High school graduation is an exciting time, but it can be nerve-wracking if you don’t have a plan for after graduation. There are many different pathways you can take after graduation, and it’s essential to find the one that best suits your future. Let’s take a look at some of the pathways you can take after graduation and look at why an apprenticeship might benefit you! Post High School Pathways
- University or 4-year college – One of the most popular (and expected) pathways for students is to pursue an education after high school at a 4-year college. While this is a good option for some students, it isn’t necessarily the best option for all. Depending on what you would like to do as a career, a 4-year college could be counterintuitive. On top of paying tuition for four years and likely needing to take out student loans, you may be able to start a career in the industry without a 4-year degree.
- Community college – Many students opt to attend community college to obtain an associate degree or to complete credits to transfer to a four-year college. With rising tuition costs at universities, community college is a good pathway for students who are trying to save some money and gain an education.
- Enter the workforce – After graduation, some students choose to forgo a continued education and enter straight into the workforce. Whether it is out of choice or necessity, almost 30% of young adults do not further their education after high school. The choice to enter the workforce could result from necessity, such as the need to financially contribute to their family or the rising costs of tuition.
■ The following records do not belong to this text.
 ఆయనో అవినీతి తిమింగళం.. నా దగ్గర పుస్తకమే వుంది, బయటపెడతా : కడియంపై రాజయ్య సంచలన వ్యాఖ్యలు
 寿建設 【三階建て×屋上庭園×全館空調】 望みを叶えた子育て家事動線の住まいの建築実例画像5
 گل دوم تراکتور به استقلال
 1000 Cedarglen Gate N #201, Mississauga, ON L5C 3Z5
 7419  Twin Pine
Entry-level positions with a high school diploma can lead young adults down many paths but usually have limitations concerning career development.
- Internship – Some students might opt to participate in a summer internship after graduation. Internships offer valuable experience to students and are something you can put on your resume for future employment. However, they are typically unpaid, so the option relies on whether you can afford the opportunity.
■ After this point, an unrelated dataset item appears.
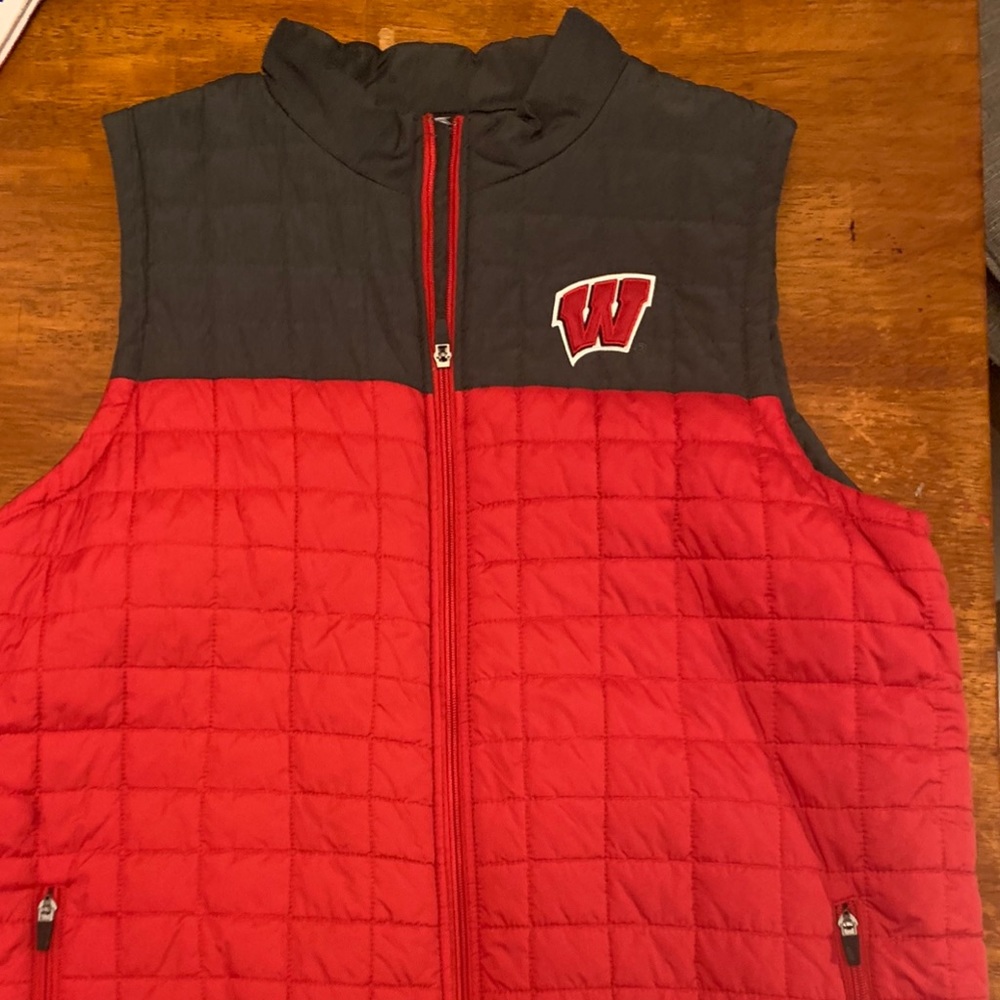 Wisconsin Badgers sleeveless jacket with a rip in the Inter lining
- Apprenticeship – An often-overlooked option for continuing your education after graduation is an apprenticeship program. Apprenticeship programs offer students an education and experience within their chosen field – while getting paid. The goal of apprenticeship programs is for the apprentice to grow into a career with the company they start at, which takes the stress of the job search away from young adults.
- Hands-on experience – With an apprenticeship, you gain hands-on experience in the field you plan on entering. While you will gain the knowledge needed for the career, you will also learn technical skills in a real-life work environment.
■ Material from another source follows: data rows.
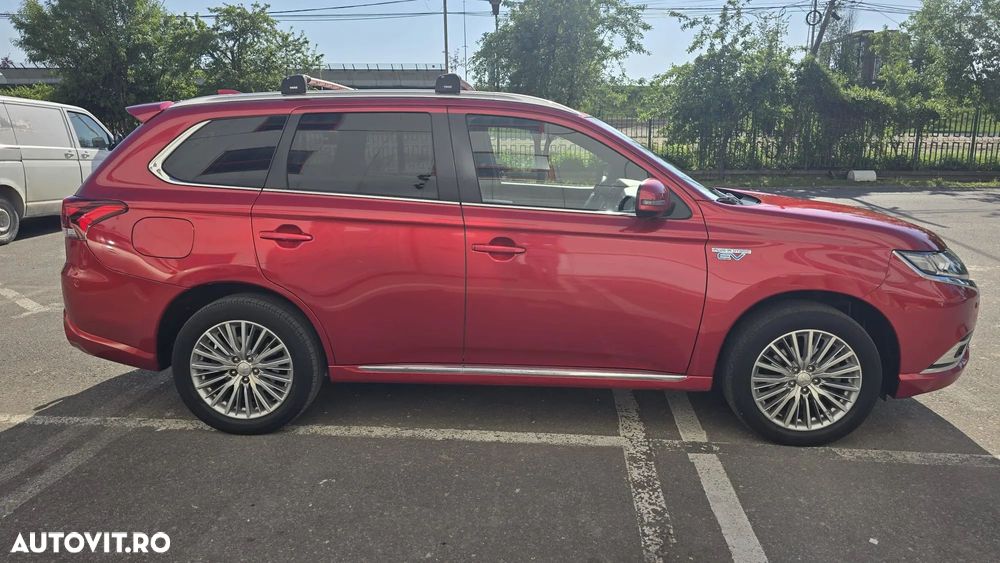 Mitsubishi Outlander PHEV 2.4 L 4X4 Instyle - 4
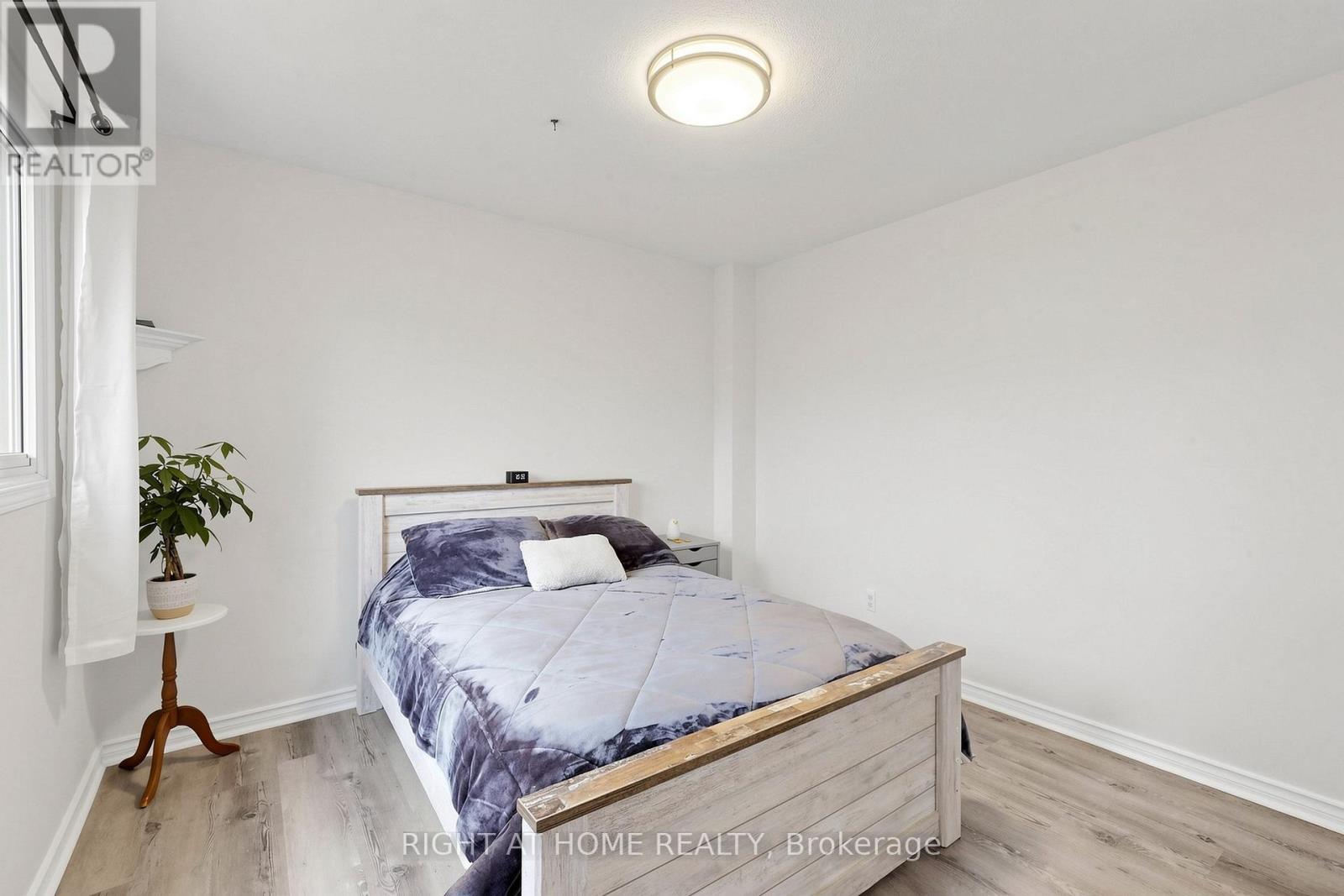 73 Pepler Place, Barrie, ON - Indoor Photo Showing Bedroom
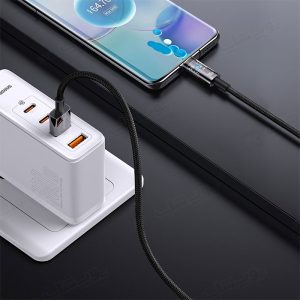 کابل شارژ USB به تایپ 100W C بیسوس مدل CATS000201 دارای قابلیت شارژ سریع می باشد.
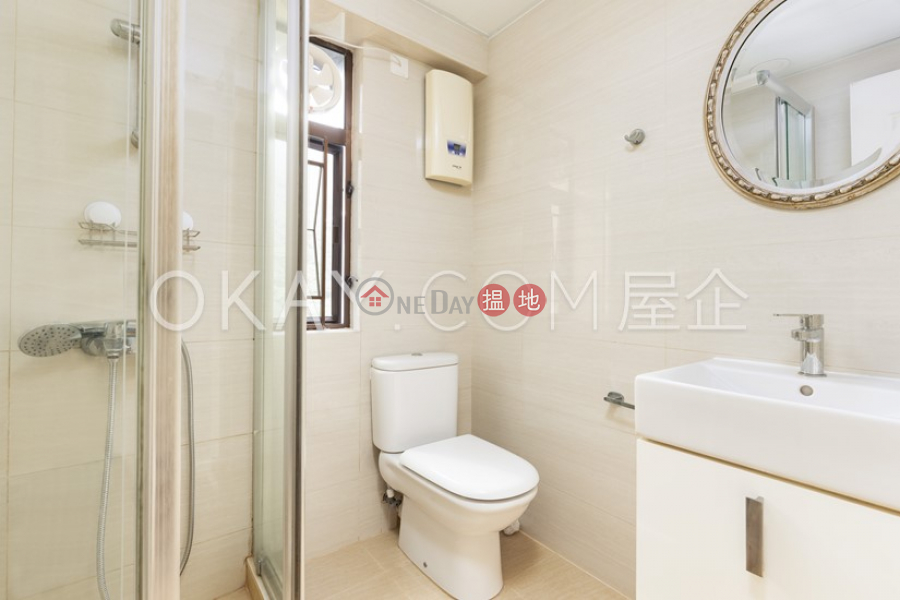 HK$ 28M Linden Height, Wan Chai District | Unique 2 bedroom on high floor with parking | For Sale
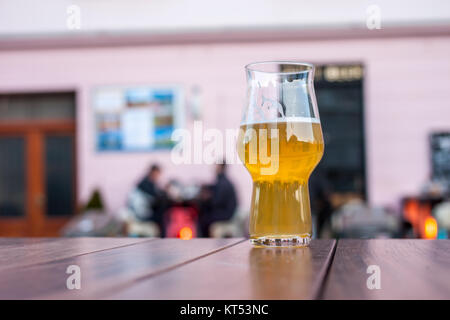 Verre de bière sur le bord de la table Banque D'Images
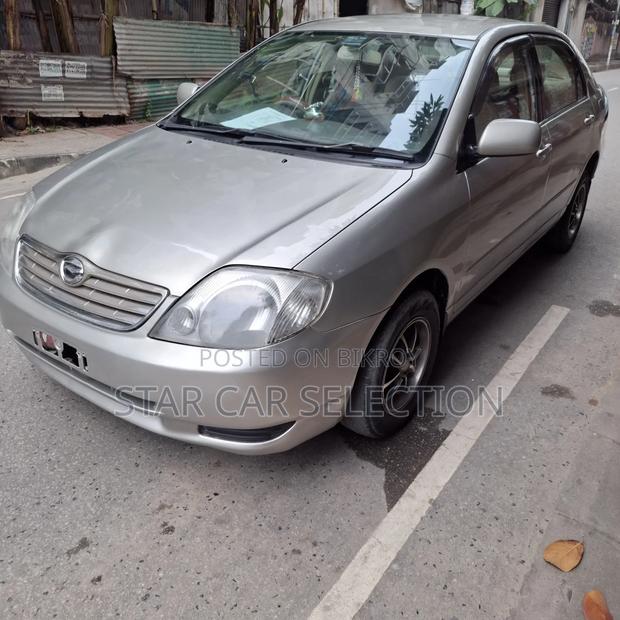 Toyota Corolla 2004 Gold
- Learn while you earn – In addition to gaining hands-on experience, with an apprenticeship you will also earn money while gaining that experience. One of the biggest benefits of an apprenticeship is that you earn while you learn, making it an excellent option for those who want to get an education, but need a steady income.
- Pathway to a career – Apprenticeships serve as a pathway to the career you intend to pursue, usually with the company you serve an apprenticeship with! By getting to know the company through an apprenticeship, you have a better chance of maintaining a career with them, which eliminates the stress of job-hunting and allows you to create a pathway to success within your chosen career.
- Gain an education with little to no debt – Many apprenticeships are employer-sponsored, meaning your education is paid for as long as you accept the apprenticeship or employment offer. This is a great way to enroll in a training program at no out-of-pocket cost.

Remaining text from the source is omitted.